Finding the Length of a Small Square

[dirk_mec1]

Homework Statement

2. Homework Equations [/B]

The Attempt at a Solution

I can find the length of the large square.
The small square is where the trouble starts.

If I look at the part of the circle where the small square is and put a center of a coordinate system at the bottom part of the circle I can setup an equation for the arc from the lowest point on the circle to the lower right corner of the large square.

$$f(x) = R-\sqrt{R^2-x^2}$$

I know that there is some x at which the height up until the large square is twice the x-value:

2x = H - f(x)

with H the length of the lowest point of the circle up until the large square.

$$H = R-Rcos(45)$$

Now if I solve 2x = H - f(x) I get:

$$5x^2 + 2\sqrt{2} Rx + 0.5R^2 = 0$$

Which does not lead to the correct answer.
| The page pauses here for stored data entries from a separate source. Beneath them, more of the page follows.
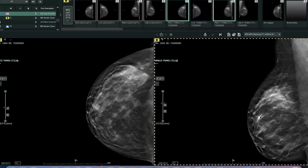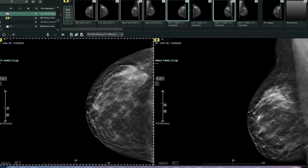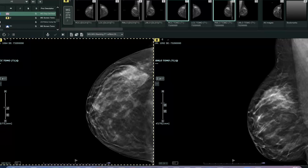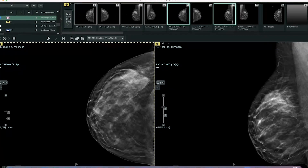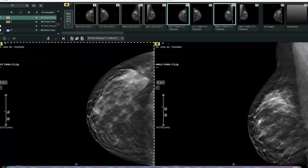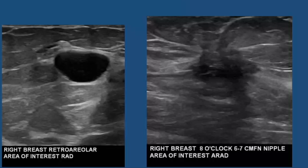This patient was brought back from her screening mammogram. She had additional diagnostic mammogram images to allow us to further compress the areas of concern. The areas did persist on her diagnostic mammogram, so the patient went on to ultrasound. On ultrasound, right behind the nipple, we see a simple cyst.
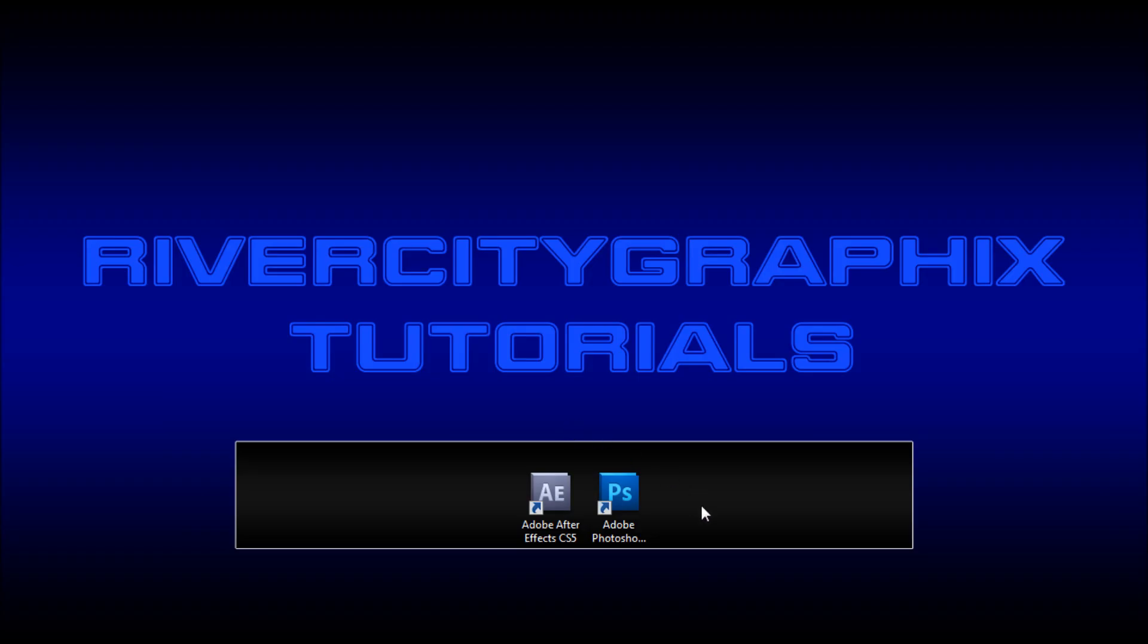Welcome to this tutorial brought to you by River City Graphics. Today I'll be showing you how to use the puppet tool in After Effects.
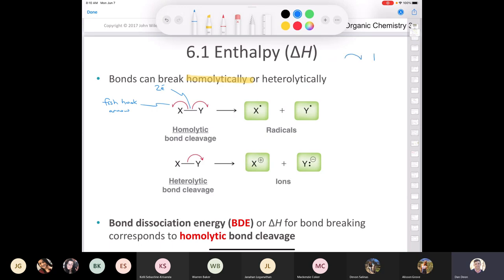A fish hook arrow represents the flow of one electron, whereas a double-headed arrow represents the flow of two electrons. Since we have two fish hook arrows, each atom in that bond is taking one of the electrons to form a pair of radicals. A radical is a species that has an unpaired electron. There's also heterolytic bond cleavage; however, when we're evaluating enthalpy of a reaction, the values of bond dissociation energies correspond to homolytic bond cleavages.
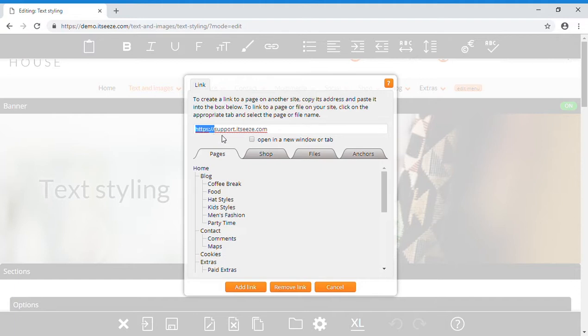Select the checkbox below to have this link open in a new window or tab. This can be useful to stop your website visitors being taken away from your website and not being able to find their way back.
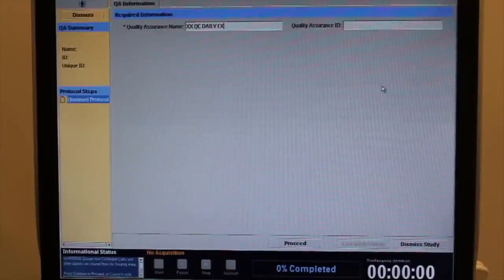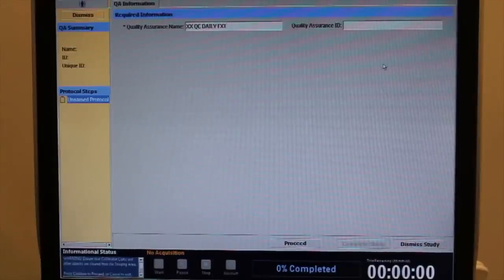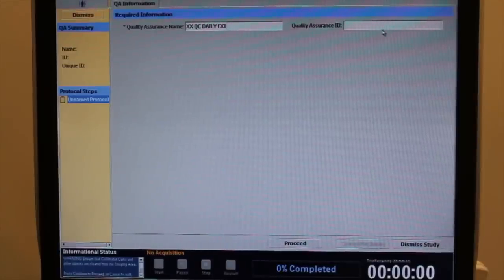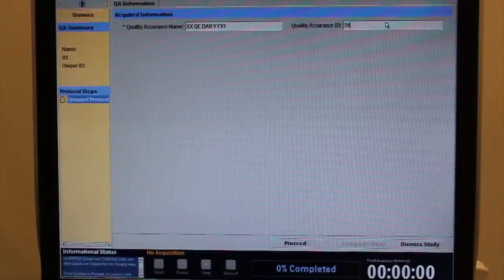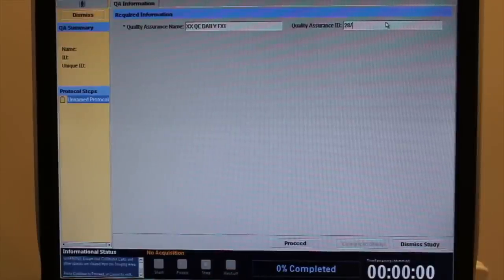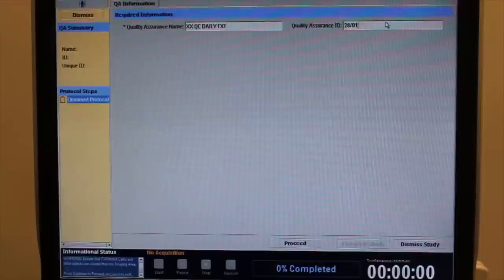Type in the name of the study: capitals, double x, space, QC, space, daily, space, ext for extrinsic.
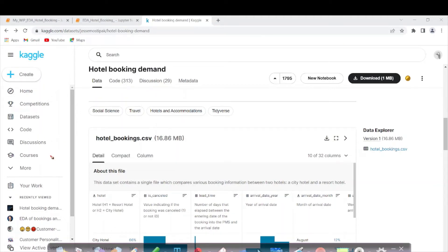Hi everyone. In this new series of videos, we will create a portfolio project for a data analyst role using Python and Python libraries. I'm really super excited for this new series. I know I have started series on Tableau and Python, but they are not yet completed. Based on the comments, I thought I will create one or two portfolio projects and then go back to the Tableau and Python series for beginners. Now let's get started.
The answer of the length of the small square is
$$\frac{R \sqrt{2}}{5}$$

What am I doing wrong?

 

[Mark44]

Homework Statement

View attachment 209175

2. Homework Equations [/B]

The Attempt at a Solution

I can find the length of the large square.
The small square is where the trouble starts.

If I look at the part of the circle where the small square is and put a center of a coordinate system at the bottom part of the circle I can setup an equation for the arc from the lowest point on the circle to the lower right corner of the large square.

$$f(x) = R-\sqrt{R^2-x^2}$$

I know that there is some x at which the height up until the large square is twice the x-value:

2x = H - f(x)

with H the length of the lowest point of the circle up until the large square.

$$H = R-Rcos(45)$$

Now if I solve 2x = H - f(x) I get:

$$5x^2 + 2\sqrt{2} Rx + 0.5R^2 = 0$$

Which does not lead to the correct answer. The answer of the length of the small square is
$$\frac{R \sqrt{2}}{5}$$

What am I doing wrong?

I don't have time to check your work at the moment. What I would do is use some basic right triangle trig to get the dimensions of the two squares. For simplicity, I would assume that the radius of the circle is 1. Then find the length of a side of the large square. If you know the dimensions of the large square, the length of a side of the small square is 1 - (1/2)(length of a side of the large square). Knowing the length of a side of each square, you can get the ratio of the areas of the two squares.

 

[Dick]

the length of a side of the small square is 1 - (1/2)(length of a side of the large square

Mmm. Can't really agree. It's actually a bit less that that.

 

[dirk_mec1]

I know that there are other methods. I want to know where MY method is going wrong.

 

[mjc123]

Your quadratic equation ought to read 5x² + 2√2Rx - 0.5R² = 0

 

[Mark44]

Mmm. Can't really agree. It's actually a bit less that that.

Yes, you are right -- my mistake. I wasn't taking into account that the distance from the lower edge of the large square to the circle isn't equal to the length of a side of the smaller square.

 

[dirk_mec1]

Your quadratic equation ought to read 5x² + 2√2Rx - 0.5R² = 0

True this was a typo but I still do not get the right answer.

 

[SammyS]

True this was a typo but I still do not get the right answer.

When I solve the corrected quadratic equation:

$5x^2 + 2\sqrt{2} Rx - 0.5R^2 = 0$​

I get the correct result.

 

[dirk_mec1]

Yes I figured it out. When I solve it I need to multiply with 2 to get the length!